--- Available data Enclosed Below ---

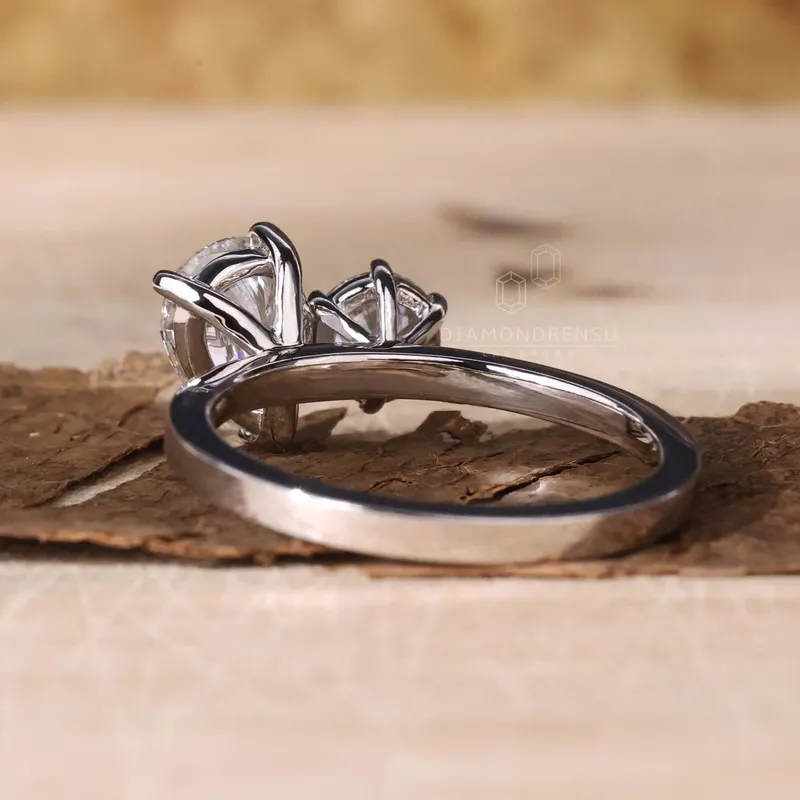 Toi Et Moi Ring, 1.59 TW Pear and Round Cut Lab Grown Diamond Engagement Ring view 5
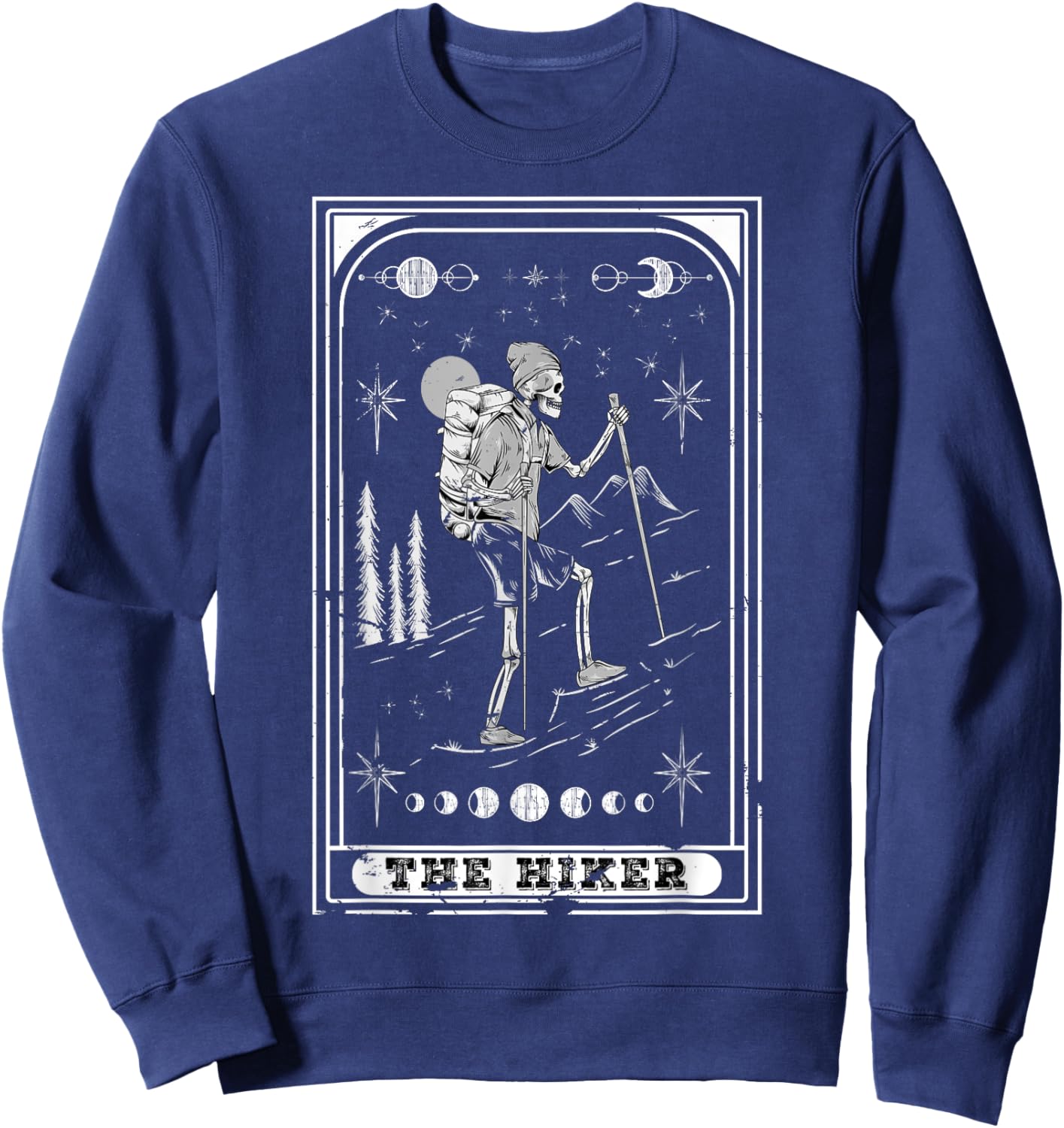 The Hiker Goth Skeleton Tarot Card Nature hiking Sweatshirt - Sweatshirt | Navy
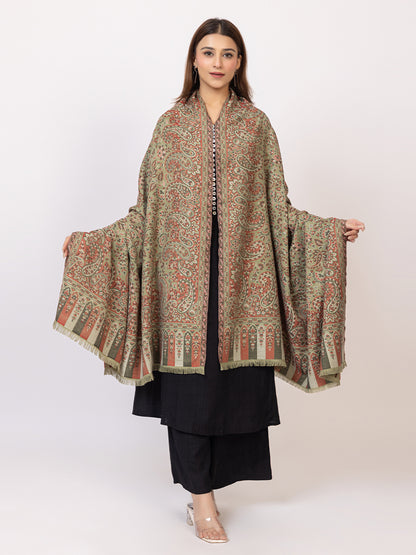 Tillaari Traditional Floral and Paisley Jaal Shawl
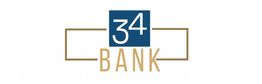 Logo with text "34 BANK" in blue and gold, featuring geometric design elements.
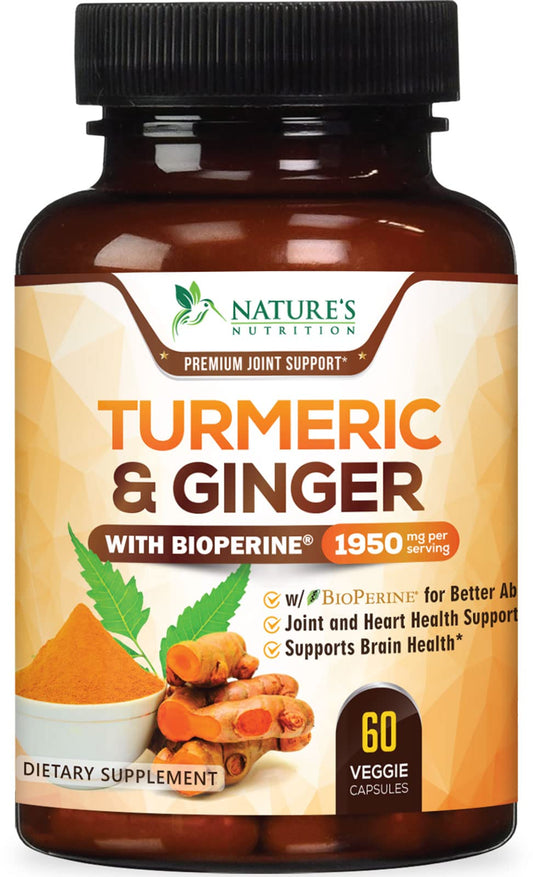 Turmeric Curcumin Supplement 1950mg - 95% Curcuminoids with Organic Turmeric & Ginger, BioPerine Black Pepper for Best Absorption, Nature's Vegan Joint Support, Non-GMO, Bottled in USA - 240 Capsules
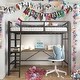 preview thumbnail 1 of 7, Black Metal Twin Loft Bed with L-Shaped Desk,Charging Station,Safety Guard,Ladder Black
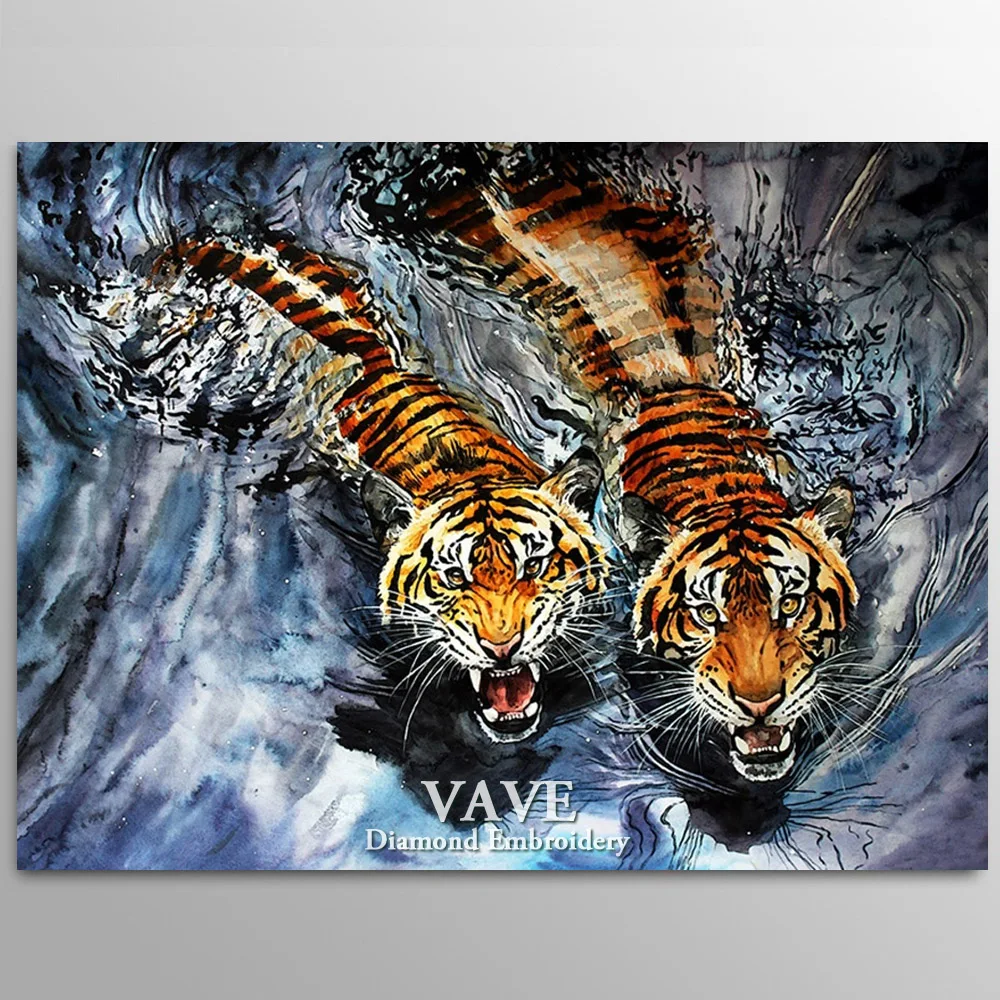 

VAVE Diamond Painting Cross Stitch Oil Tiger Full Square Picture of Rhinestone 5D DIY Diamond Mosaic Kit Diamond Embroidery Sale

--- End of Enclosed Available data ---

Skip every picture and transcribe the data above exactly.

 Toi Et Moi Ring, 1.59 TW Pear and Round Cut Lab Grown Diamond Engagement Ring view 5
 The Hiker Goth Skeleton Tarot Card Nature hiking Sweatshirt - Sweatshirt | Navy
 Tillaari Traditional Floral and Paisley Jaal Shawl
 Logo with text "34 BANK" in blue and gold, featuring geometric design elements.
 Turmeric Curcumin Supplement 1950mg - 95% Curcuminoids with Organic Turmeric & Ginger, BioPerine Black Pepper for Best Absorption, Nature's Vegan Joint Support, Non-GMO, Bottled in USA - 240 Capsules
 preview thumbnail 1 of 7, Black Metal Twin Loft Bed with L-Shaped Desk,Charging Station,Safety Guard,Ladder Black

VAVE Diamond Painting Cross Stitch Oil Tiger Full Square Picture of Rhinestone 5D DIY Diamond Mosaic Kit Diamond Embroidery Sale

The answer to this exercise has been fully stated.